| WORK ITEM |
What you output must match, exactly, the lines from the start of the records to the line containing "Sua Casa no", both ends kept and pictures excluded.

| EXERCISE INPUTS |

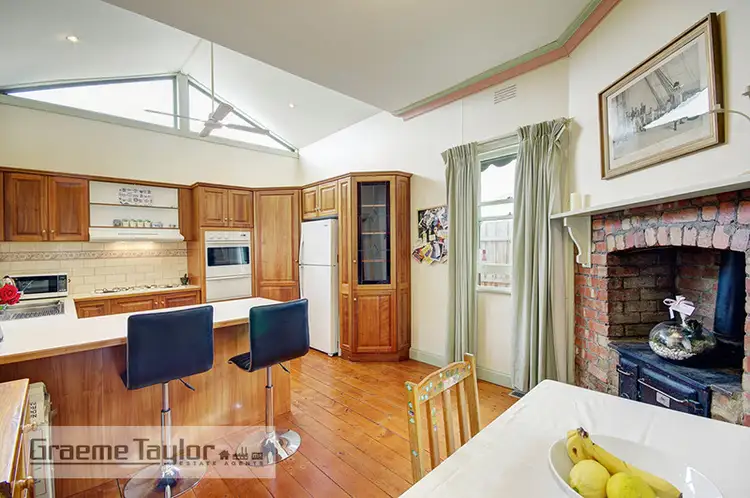 Third view of Homely house listing, 41 Catherine Street, Geelong West VIC 3218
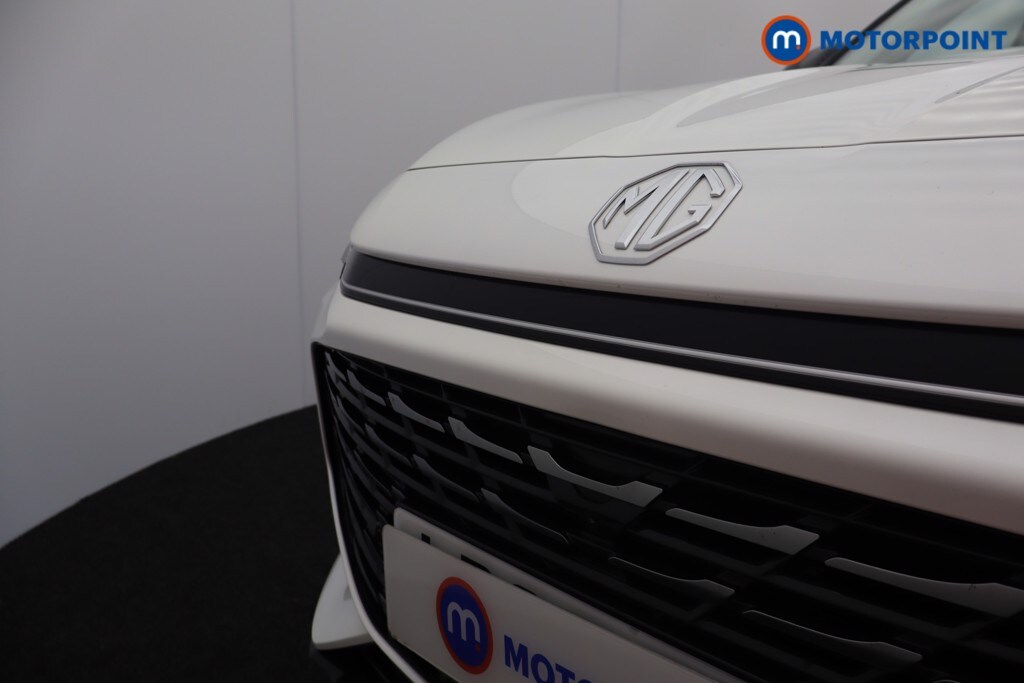 Used MG MG HS 2025 for sale - 77058541: Photo 34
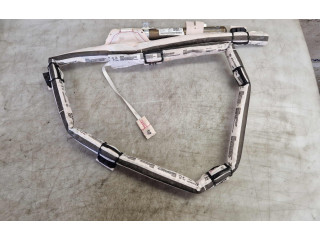 Боковая подушка безопасности 2K5880742D, 2K5880742D Volkswagen Caddy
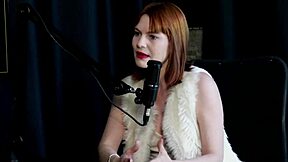 Reh Queen discusses tantric sex and fingering tips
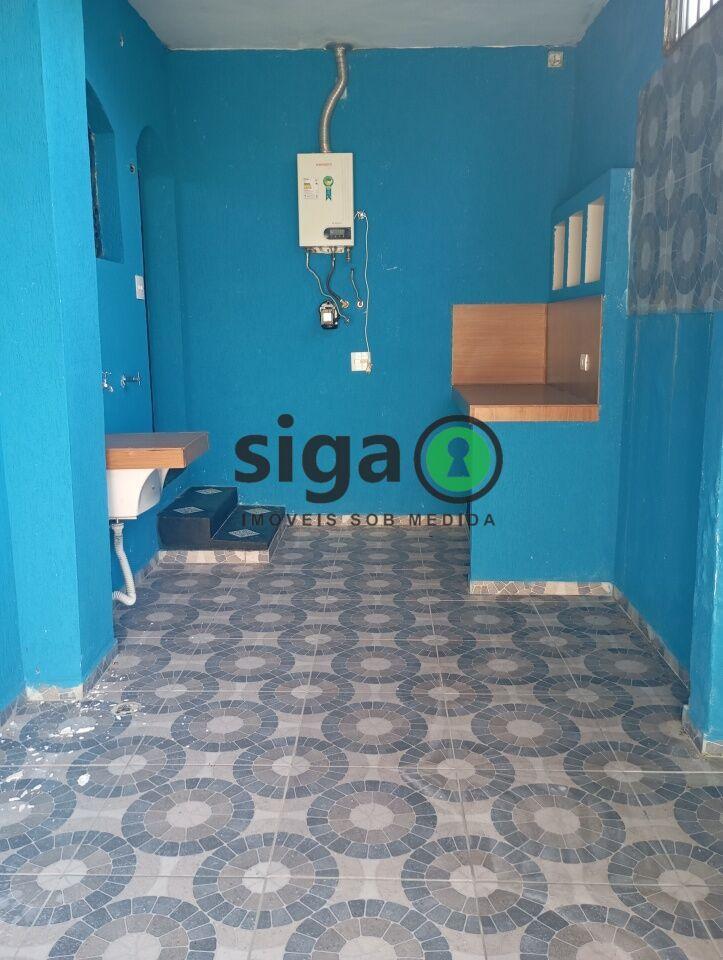 CASA COMERCIAL PARA ALUGAR EM VILA CLEMENTINO – 350 M²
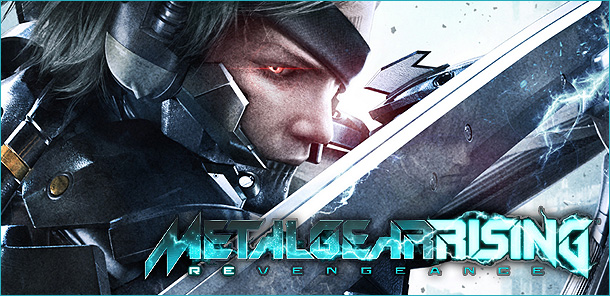 Metal Gear Rising: Revengeance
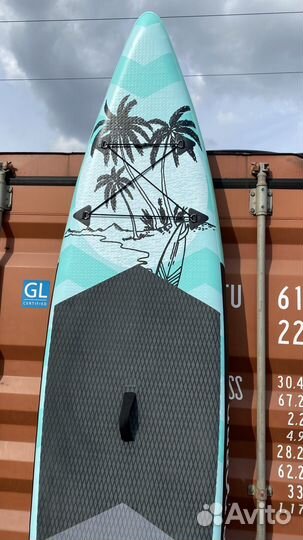 Sup Board Сап Борд JS Пальма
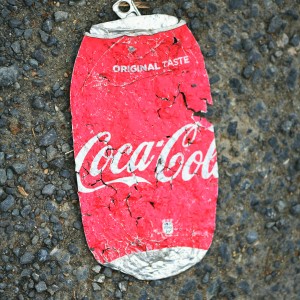 Coca Cola is dead!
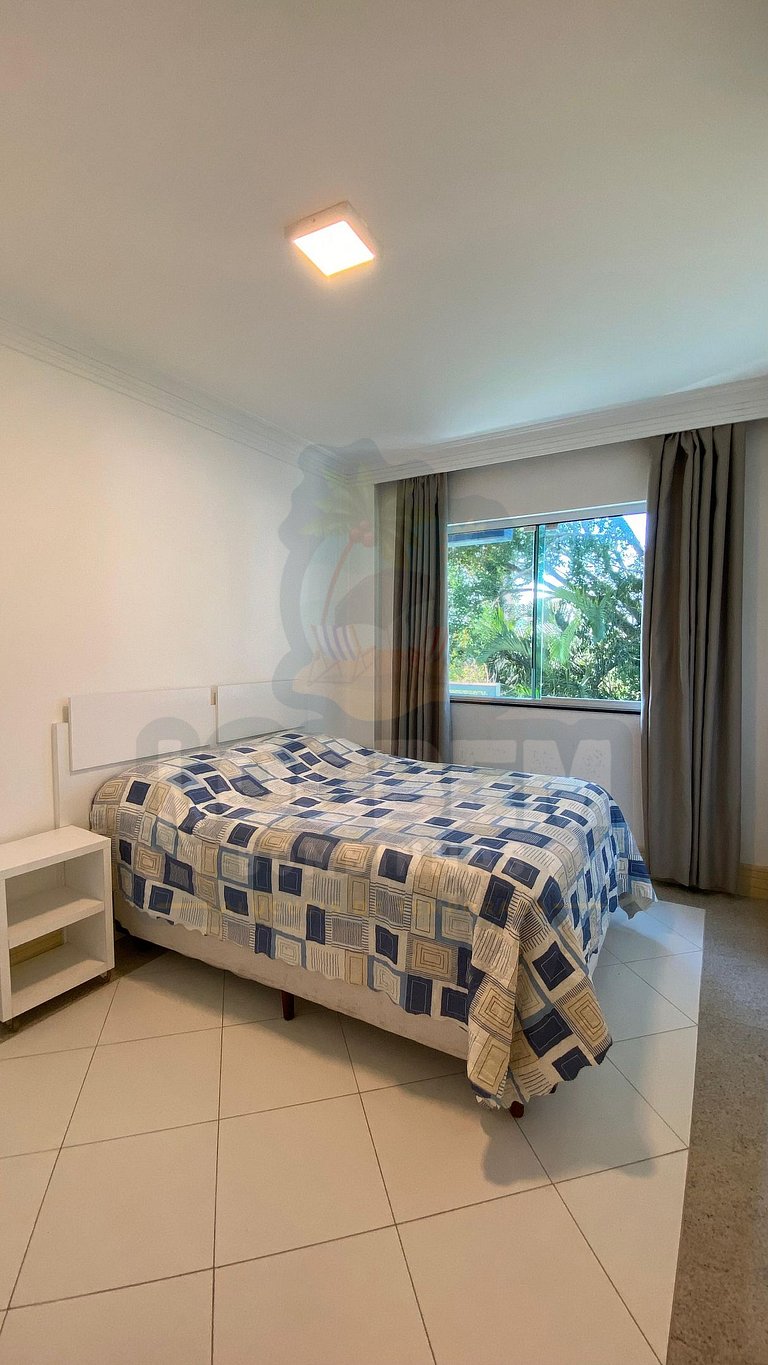 Sua Casa no Paraíso – Cobertura Duplex na Praia da Lagoinha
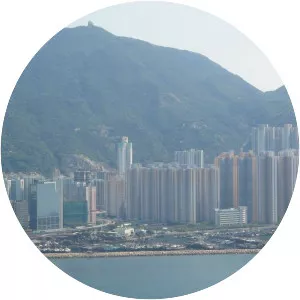 Shau Kei Wan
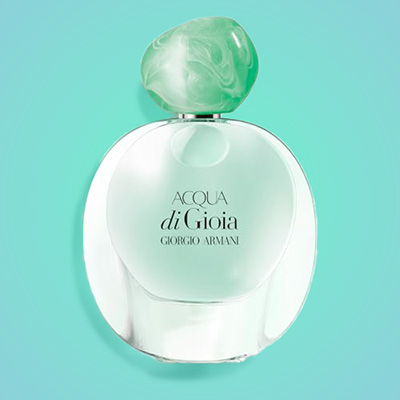 Armani Beauty – Acqua Di Gioia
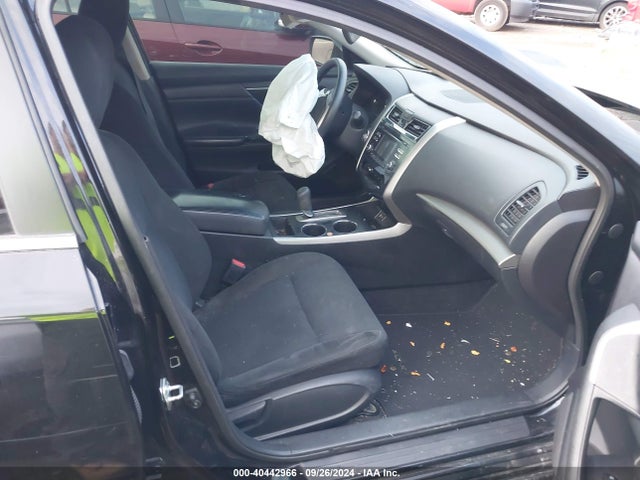 Nissan Altima 2.5 S 2015 1N4AL3AP3FC422012 Image 5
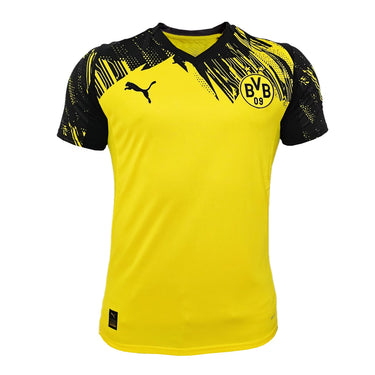 Camisa do Borussia Dortmund 2025/26 HOME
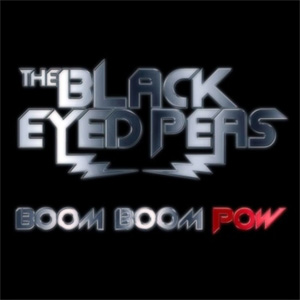 Disco Boom Boom Pow de Black Eyed Peas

| ANSWER TO THIS EXERCISE |
 Third view of Homely house listing, 41 Catherine Street, Geelong West VIC 3218
 Used MG MG HS 2025 for sale - 77058541: Photo 34
 Боковая подушка безопасности 2K5880742D, 2K5880742D Volkswagen Caddy
 Reh Queen discusses tantric sex and fingering tips
 CASA COMERCIAL PARA ALUGAR EM VILA CLEMENTINO – 350 M²
 Metal Gear Rising: Revengeance
 Sup Board Сап Борд JS Пальма
 Coca Cola is dead!
 Sua Casa no Paraíso – Cobertura Duplex na Praia da Lagoinha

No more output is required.